[Data records]
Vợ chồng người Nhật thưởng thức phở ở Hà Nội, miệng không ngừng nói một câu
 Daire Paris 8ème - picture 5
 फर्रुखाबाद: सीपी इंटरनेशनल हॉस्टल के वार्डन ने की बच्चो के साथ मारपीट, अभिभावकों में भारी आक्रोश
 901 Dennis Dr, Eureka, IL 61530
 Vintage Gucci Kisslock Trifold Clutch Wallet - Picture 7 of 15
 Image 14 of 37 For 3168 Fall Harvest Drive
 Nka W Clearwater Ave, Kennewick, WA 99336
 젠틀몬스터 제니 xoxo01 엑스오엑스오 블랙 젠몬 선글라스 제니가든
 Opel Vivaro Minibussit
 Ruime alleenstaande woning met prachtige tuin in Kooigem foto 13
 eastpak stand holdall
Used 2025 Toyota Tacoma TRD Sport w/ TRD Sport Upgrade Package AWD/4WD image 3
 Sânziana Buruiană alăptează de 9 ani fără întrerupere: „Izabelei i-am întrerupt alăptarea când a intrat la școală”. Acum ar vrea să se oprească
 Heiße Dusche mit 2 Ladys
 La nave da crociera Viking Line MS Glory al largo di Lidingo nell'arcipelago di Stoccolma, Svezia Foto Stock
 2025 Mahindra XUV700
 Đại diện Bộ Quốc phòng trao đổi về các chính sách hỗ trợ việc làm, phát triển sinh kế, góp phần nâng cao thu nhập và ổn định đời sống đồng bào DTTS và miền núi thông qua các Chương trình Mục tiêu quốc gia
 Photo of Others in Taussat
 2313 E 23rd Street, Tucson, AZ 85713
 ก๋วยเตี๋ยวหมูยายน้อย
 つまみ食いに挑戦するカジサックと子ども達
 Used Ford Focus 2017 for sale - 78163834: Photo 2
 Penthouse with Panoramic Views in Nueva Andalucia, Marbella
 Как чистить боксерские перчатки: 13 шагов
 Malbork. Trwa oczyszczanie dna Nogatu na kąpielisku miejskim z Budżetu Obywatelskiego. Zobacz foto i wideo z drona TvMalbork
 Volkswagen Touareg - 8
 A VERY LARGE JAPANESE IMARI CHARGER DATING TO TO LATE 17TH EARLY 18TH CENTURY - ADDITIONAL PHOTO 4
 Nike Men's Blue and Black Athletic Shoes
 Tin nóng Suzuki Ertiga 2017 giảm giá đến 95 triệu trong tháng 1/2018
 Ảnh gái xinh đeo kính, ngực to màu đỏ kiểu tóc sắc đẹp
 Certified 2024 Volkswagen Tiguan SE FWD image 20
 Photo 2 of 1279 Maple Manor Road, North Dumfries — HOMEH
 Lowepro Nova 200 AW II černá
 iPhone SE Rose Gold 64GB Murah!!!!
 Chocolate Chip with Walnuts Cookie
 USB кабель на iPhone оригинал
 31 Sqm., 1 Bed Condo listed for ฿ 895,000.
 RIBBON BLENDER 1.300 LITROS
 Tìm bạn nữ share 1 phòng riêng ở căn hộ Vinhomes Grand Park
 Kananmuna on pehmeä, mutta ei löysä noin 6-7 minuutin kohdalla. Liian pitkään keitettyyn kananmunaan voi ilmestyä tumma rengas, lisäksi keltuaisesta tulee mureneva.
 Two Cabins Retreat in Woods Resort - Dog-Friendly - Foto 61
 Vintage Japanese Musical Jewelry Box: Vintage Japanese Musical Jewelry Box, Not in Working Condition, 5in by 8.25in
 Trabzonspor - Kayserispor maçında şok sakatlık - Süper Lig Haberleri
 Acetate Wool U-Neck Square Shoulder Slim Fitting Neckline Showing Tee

> **What needs to be done**
Check each line of the data for "phòng". Copy the lines where it turns up.

> **Result of the exercise**
 Đại diện Bộ Quốc phòng trao đổi về các chính sách hỗ trợ việc làm, phát triển sinh kế, góp phần nâng cao thu nhập và ổn định đời sống đồng bào DTTS và miền núi thông qua các Chương trình Mục tiêu quốc gia
 Tìm bạn nữ share 1 phòng riêng ở căn hộ Vinhomes Grand Park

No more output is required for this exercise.